We dare not tempt them with weakness. For only
when our arms are sufficient beyond doubt can we be
certain beyond doubt that they will never be
employed.
But neither can two great and powerful groups of
nations take comfort from our present course--both
sides overburdened by the cost of modern weapons,
both rightly alarmed by the steady spread of the
deadly atom, yet both racing to alter that uncertain
balance of terror that stays the hand of mankind's
final war.
So let us begin anew, remembering on both sides
that civility is not a sign of weakness, and
sincerity is always subject to proof. Let us never
negotiate out of fear, but let us never fear to
negotiate.
Let both sides explore what problems unite us
instead of belaboring those problems which divide
us.
Let both sides, for the first time, formulate
serious and precise proposals for the inspection and
control of arms, and bring the absolute power to
destroy other nations under the absolute control of
all nations.
Let both sides seek to invoke the wonders of
science instead of its terrors. Together let us
explore the stars, conquer the deserts, eradicate
disease, tap the ocean depths and encourage the arts
and commerce.
Let both sides unite to heed in all corners of
the earth the command of Isaiah to "undo the heavy
burdens...(and) let the oppressed go free." And if
a beachhead of co-operation may push back the jungle
of suspicion, let both sides join in creating a new
endeavor, not a new balance of power, but a new
world of law, where the strong are just and the weak
secure and the peace preserved.
All this will not be finished in the first one
hundred days. Nor will it be finished in the first
one thousand days, nor in the life of this
Administration, nor even perhaps in our lifetime on
this planet. But let us begin.
In your hands, my fellow citizens, more than
mine, will rest the final success or failure of our
course. Since this country was founded, each
generation of Americans has been summoned to give
testimony to its national loyalty. The graves of
young Americans who answered the call to service
surround the globe.
Now the trumpet summons us again--not as a call
to bear arms, though arms we need; not as a call to
battle, though embattled we are; but a call to bear
the burden of a long twilight struggle, year in and
year out, "rejoicing in hope, patient in
tribulation," a struggle against the common enemies
of man; tyranny, poverty, disease and war itself.

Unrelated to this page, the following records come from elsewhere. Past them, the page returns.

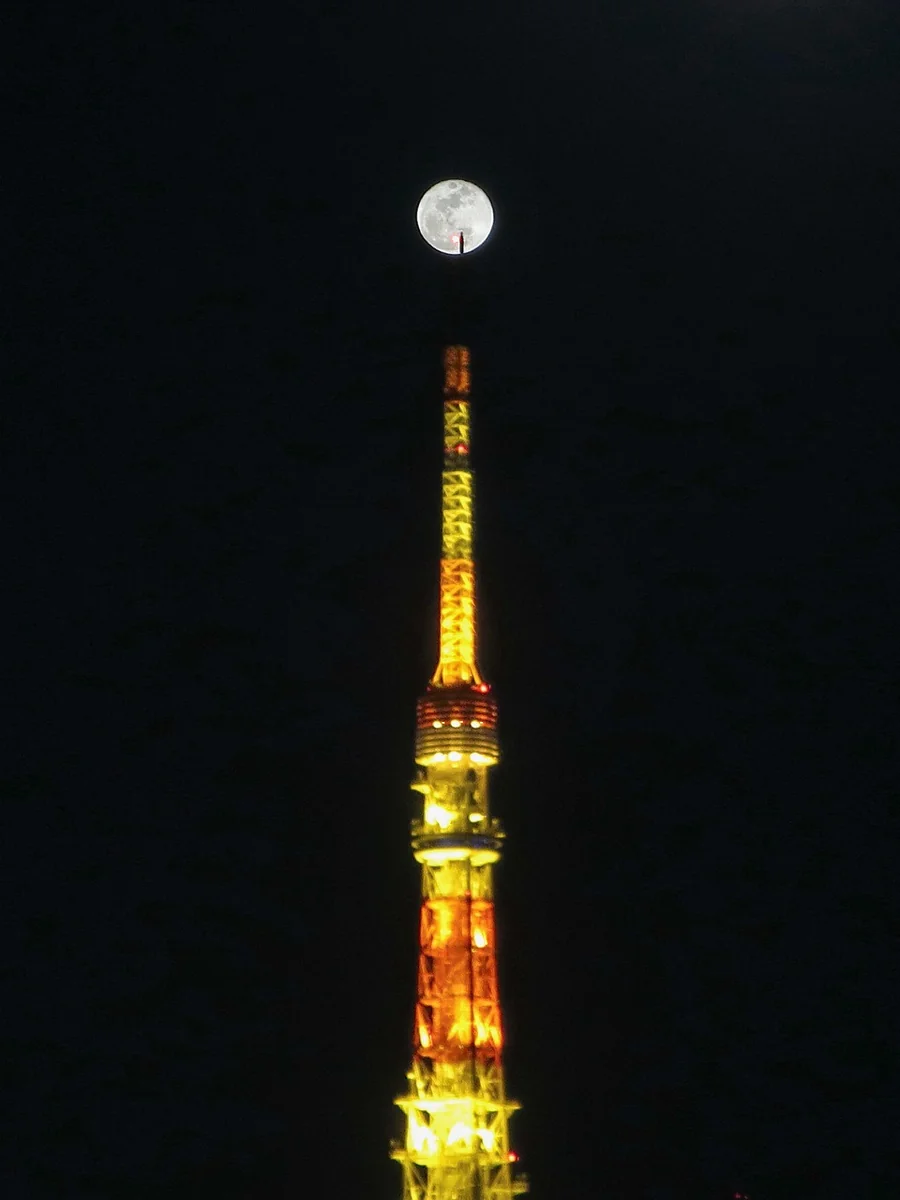 投稿写真：十六夜月パール東京タワー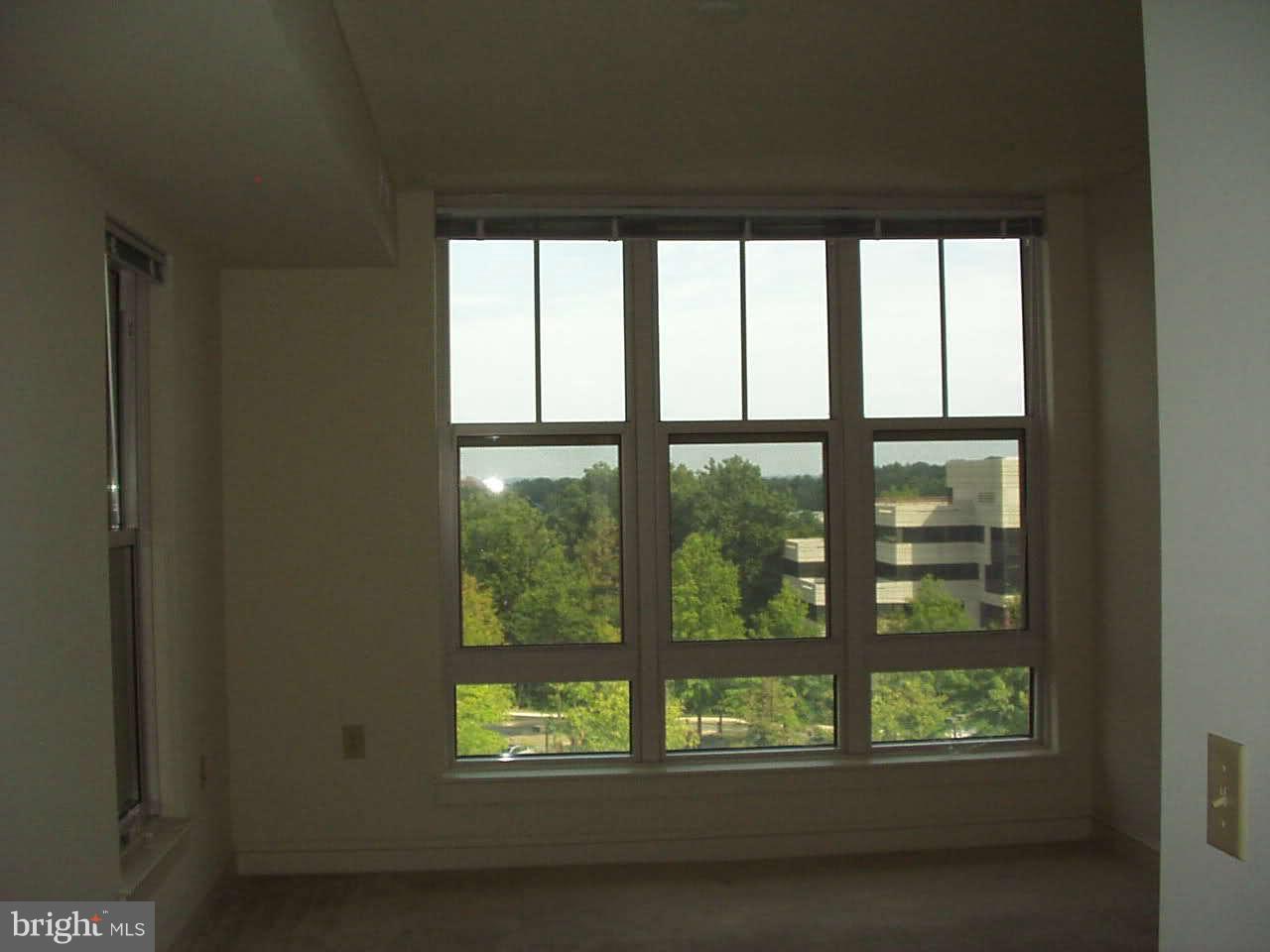 MERCER - Residential Lease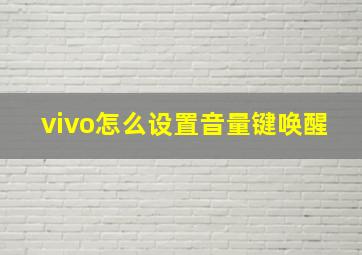 vivo怎么设置音量键唤醒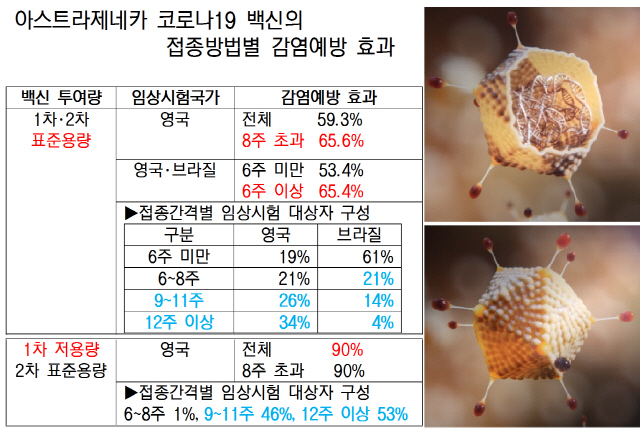 *예방 효과는 2차 접종 14일 이후 기준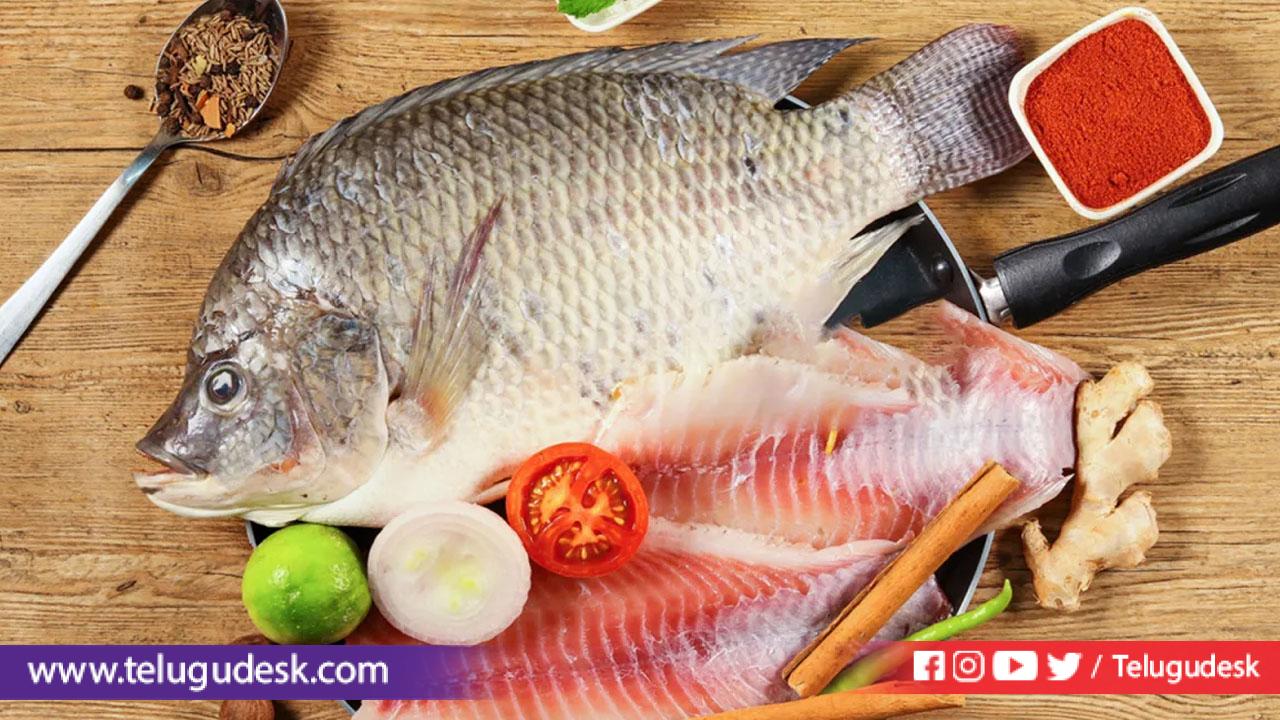 Apollo Fish - అపోలో ఫిష్ తినడం వల్ల కలిగే ఉపయోగాలు..! ఆరోగ్య ప్రయోజనాల ...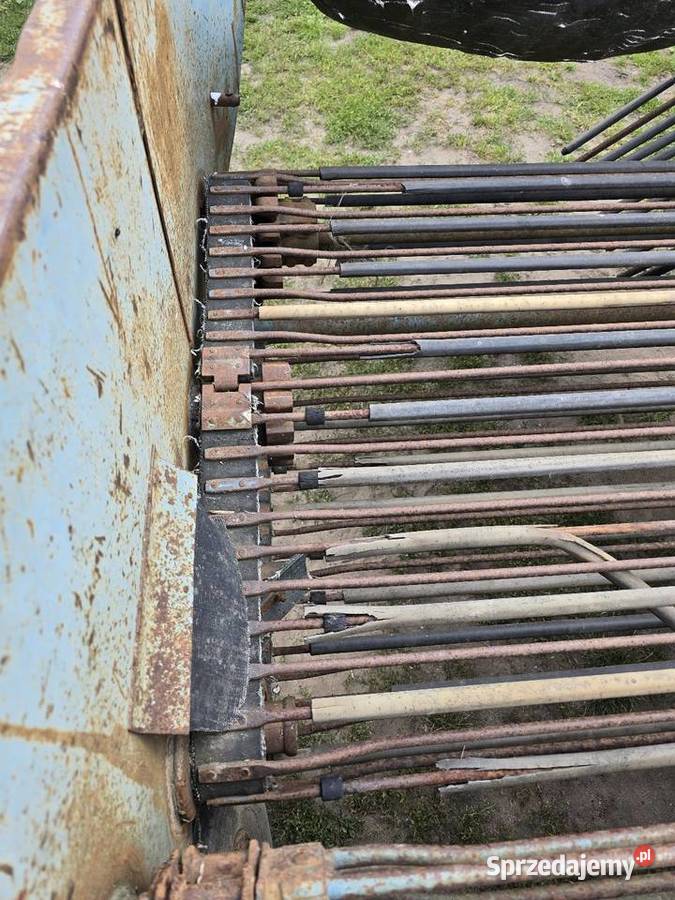 Kopaczka do ziemniakow elewatorowa dwurzedowa Mogilno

Can we forge against these enemies a grand and
global alliance, North and South, East and West,
that can assure a more fruitful life for all
mankind? Will you join in that historic effort?
[Crowd shouts approval]
In the long history of the world, only a few
generations have been granted the role of defending
freedom in its hour of maximum danger. I do not
shrink from this responsibility; I welcome it. I do
not believe that any of us would exchange places
with any other people or any other generation. The
energy, the faith, the devotion which we bring to
this endeavor will light our country and all who
serve it, and the glow from that fire can truly
light the world.
And so, my fellow Americans, ask not what your
country can do for you; ask what you can do for your
country. My fellow citizens of the world, ask not
what American will do for you, but what together we
can do for the freedom of man.
Finally, whether you are citizens of America or
citizens of the world, ask of us here the same high
standards of strength and sacrifice which we ask of
you. With a good conscience our only sure reward,
with history the final judge of our deeds, let us go
forth to lead the land we love, asking His blessing
and His help, but knowing that here on earth, God's
work must truly be our own.
President
Kennedy, speaking at American University,
propose a moratorium on above-ground nuclear
testing, Washington, D.C., June 10, 1963.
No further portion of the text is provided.